• _TASK DIRECTIONS_: Reproduce, without any change, the span of lines from the opening of the records below to the line containing "アルトゥーラ ベースグレード", inclusive.

• _MATERIAL FOR THE TASK_:
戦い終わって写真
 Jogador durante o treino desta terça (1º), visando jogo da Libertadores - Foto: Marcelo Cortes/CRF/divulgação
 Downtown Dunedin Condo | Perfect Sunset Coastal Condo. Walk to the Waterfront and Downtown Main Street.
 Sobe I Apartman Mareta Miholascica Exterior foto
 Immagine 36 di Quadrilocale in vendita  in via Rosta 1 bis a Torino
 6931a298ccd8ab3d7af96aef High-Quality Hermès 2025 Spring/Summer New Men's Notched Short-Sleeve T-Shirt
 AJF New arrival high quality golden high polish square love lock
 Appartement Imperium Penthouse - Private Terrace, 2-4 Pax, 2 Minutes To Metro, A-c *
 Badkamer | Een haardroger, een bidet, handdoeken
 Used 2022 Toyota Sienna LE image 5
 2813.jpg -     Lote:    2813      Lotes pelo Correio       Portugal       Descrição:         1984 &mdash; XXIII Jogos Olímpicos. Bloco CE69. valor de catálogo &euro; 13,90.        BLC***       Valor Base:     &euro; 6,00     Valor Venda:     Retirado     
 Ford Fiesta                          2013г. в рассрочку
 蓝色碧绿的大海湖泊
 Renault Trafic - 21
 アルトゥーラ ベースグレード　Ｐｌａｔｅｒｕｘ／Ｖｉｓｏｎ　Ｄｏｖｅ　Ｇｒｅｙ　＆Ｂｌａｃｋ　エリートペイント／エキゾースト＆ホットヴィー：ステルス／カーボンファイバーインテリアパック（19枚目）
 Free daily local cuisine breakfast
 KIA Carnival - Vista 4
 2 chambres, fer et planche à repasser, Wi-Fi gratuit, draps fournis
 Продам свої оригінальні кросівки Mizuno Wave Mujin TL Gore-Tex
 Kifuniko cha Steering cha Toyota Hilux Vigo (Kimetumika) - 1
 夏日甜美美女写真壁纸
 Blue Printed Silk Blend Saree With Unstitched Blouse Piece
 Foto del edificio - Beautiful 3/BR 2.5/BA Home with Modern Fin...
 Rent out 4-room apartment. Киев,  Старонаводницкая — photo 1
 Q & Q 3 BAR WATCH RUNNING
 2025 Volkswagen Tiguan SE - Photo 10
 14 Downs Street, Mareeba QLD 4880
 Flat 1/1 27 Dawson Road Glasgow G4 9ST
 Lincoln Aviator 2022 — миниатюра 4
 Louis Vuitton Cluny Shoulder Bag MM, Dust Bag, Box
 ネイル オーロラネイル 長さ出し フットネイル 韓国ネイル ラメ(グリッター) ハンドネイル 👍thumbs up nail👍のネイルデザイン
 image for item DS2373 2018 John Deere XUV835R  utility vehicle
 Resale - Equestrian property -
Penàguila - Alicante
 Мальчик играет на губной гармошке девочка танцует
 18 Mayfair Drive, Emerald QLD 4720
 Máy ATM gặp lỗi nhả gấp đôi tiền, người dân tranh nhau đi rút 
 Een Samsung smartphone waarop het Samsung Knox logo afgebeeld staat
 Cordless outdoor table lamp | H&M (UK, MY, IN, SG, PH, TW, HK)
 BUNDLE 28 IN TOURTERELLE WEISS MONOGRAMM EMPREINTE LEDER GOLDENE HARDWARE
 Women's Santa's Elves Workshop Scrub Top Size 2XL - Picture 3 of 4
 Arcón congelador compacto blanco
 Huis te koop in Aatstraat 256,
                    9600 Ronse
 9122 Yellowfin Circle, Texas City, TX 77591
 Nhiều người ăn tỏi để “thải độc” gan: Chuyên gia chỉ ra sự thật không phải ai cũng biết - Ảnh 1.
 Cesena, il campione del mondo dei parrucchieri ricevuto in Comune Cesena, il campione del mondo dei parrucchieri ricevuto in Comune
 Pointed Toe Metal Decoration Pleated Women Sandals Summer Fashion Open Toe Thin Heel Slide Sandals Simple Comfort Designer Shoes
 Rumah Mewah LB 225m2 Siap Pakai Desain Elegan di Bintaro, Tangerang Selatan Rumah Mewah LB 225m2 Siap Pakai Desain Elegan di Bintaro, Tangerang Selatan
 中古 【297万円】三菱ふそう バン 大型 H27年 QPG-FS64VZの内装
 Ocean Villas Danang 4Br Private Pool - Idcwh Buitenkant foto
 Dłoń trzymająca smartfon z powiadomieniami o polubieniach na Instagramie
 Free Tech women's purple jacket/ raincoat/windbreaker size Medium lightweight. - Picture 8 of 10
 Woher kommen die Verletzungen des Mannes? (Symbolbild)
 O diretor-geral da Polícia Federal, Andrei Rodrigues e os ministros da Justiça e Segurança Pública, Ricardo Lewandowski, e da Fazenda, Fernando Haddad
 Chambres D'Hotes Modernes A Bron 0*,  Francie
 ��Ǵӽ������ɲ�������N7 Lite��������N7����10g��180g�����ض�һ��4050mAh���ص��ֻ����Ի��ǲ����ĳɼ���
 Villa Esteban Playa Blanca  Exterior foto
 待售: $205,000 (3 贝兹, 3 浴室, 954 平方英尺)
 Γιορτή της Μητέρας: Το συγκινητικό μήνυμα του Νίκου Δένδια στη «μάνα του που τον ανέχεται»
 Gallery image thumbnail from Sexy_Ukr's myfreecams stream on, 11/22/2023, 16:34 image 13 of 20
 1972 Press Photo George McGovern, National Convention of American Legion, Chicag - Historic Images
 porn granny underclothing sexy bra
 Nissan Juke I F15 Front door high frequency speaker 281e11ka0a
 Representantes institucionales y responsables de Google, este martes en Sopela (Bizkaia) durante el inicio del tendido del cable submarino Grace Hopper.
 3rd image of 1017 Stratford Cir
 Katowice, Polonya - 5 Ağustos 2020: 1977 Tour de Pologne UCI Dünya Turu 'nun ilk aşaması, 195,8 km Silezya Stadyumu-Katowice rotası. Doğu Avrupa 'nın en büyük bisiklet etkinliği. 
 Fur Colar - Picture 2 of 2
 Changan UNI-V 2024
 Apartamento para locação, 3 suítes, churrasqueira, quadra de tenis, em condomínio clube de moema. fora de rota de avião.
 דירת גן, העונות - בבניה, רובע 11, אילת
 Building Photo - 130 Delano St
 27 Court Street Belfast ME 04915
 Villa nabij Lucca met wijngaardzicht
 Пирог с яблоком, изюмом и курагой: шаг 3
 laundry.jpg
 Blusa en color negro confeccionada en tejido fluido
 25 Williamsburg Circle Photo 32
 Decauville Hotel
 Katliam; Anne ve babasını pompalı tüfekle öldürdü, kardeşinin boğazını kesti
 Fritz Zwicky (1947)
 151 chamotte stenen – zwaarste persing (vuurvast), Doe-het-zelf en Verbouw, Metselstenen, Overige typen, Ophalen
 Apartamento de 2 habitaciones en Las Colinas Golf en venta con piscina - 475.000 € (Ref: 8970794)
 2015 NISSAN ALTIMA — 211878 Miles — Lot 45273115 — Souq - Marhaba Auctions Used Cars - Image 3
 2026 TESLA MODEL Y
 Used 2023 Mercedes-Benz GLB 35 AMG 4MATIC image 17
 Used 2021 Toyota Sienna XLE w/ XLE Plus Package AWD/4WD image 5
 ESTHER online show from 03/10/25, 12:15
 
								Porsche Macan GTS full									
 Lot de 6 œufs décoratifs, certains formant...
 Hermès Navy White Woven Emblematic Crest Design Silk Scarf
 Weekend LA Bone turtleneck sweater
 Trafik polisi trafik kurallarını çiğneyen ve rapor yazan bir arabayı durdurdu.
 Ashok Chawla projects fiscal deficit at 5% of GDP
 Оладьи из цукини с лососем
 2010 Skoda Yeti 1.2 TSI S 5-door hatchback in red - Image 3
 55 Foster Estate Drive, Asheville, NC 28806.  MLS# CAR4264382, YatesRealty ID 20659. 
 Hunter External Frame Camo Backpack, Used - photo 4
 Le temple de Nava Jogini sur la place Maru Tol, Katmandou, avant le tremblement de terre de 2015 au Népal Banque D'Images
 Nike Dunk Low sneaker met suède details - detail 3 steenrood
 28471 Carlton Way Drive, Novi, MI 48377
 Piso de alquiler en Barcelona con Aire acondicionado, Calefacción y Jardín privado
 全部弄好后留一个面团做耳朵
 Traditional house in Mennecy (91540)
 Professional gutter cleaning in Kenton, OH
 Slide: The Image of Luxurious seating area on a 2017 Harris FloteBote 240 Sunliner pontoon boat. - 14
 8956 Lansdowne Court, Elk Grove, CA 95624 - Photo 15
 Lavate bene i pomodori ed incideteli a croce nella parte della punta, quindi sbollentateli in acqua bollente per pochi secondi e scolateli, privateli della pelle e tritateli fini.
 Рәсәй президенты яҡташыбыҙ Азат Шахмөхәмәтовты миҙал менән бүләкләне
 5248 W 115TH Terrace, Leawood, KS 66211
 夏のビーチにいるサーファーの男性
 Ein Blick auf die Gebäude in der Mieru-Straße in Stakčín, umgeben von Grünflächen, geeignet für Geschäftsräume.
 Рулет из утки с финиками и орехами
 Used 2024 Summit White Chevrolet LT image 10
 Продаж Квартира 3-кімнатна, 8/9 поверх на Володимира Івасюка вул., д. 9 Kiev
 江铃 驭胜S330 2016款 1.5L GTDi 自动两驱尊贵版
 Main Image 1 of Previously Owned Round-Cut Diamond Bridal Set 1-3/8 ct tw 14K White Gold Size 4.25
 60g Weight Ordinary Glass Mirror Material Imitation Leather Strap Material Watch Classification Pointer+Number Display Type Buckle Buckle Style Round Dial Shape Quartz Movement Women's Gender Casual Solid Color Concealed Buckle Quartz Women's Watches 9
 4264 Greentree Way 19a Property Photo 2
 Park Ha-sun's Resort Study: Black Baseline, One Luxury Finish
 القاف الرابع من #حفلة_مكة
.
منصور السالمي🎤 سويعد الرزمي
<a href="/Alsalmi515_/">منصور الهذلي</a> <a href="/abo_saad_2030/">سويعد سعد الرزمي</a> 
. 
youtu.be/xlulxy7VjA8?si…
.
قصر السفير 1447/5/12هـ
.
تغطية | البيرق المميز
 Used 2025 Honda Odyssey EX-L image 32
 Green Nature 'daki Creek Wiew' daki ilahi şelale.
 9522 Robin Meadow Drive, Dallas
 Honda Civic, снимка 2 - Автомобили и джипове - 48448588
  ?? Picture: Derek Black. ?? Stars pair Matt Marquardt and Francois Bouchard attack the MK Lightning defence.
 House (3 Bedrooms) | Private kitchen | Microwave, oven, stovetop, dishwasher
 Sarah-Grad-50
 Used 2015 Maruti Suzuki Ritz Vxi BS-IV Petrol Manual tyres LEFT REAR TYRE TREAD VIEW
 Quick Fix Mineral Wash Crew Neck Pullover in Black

• _WRITTEN RESPONSE_:
戦い終わって写真
 Jogador durante o treino desta terça (1º), visando jogo da Libertadores - Foto: Marcelo Cortes/CRF/divulgação
 Downtown Dunedin Condo | Perfect Sunset Coastal Condo. Walk to the Waterfront and Downtown Main Street.
 Sobe I Apartman Mareta Miholascica Exterior foto
 Immagine 36 di Quadrilocale in vendita  in via Rosta 1 bis a Torino
 6931a298ccd8ab3d7af96aef High-Quality Hermès 2025 Spring/Summer New Men's Notched Short-Sleeve T-Shirt
 AJF New arrival high quality golden high polish square love lock
 Appartement Imperium Penthouse - Private Terrace, 2-4 Pax, 2 Minutes To Metro, A-c *
 Badkamer | Een haardroger, een bidet, handdoeken
 Used 2022 Toyota Sienna LE image 5
 2813.jpg -     Lote:    2813      Lotes pelo Correio       Portugal       Descrição:         1984 &mdash; XXIII Jogos Olímpicos. Bloco CE69. valor de catálogo &euro; 13,90.        BLC***       Valor Base:     &euro; 6,00     Valor Venda:     Retirado     
 Ford Fiesta                          2013г. в рассрочку
 蓝色碧绿的大海湖泊
 Renault Trafic - 21
 アルトゥーラ ベースグレード　Ｐｌａｔｅｒｕｘ／Ｖｉｓｏｎ　Ｄｏｖｅ　Ｇｒｅｙ　＆Ｂｌａｃｋ　エリートペイント／エキゾースト＆ホットヴィー：ステルス／カーボンファイバーインテリアパック（19枚目）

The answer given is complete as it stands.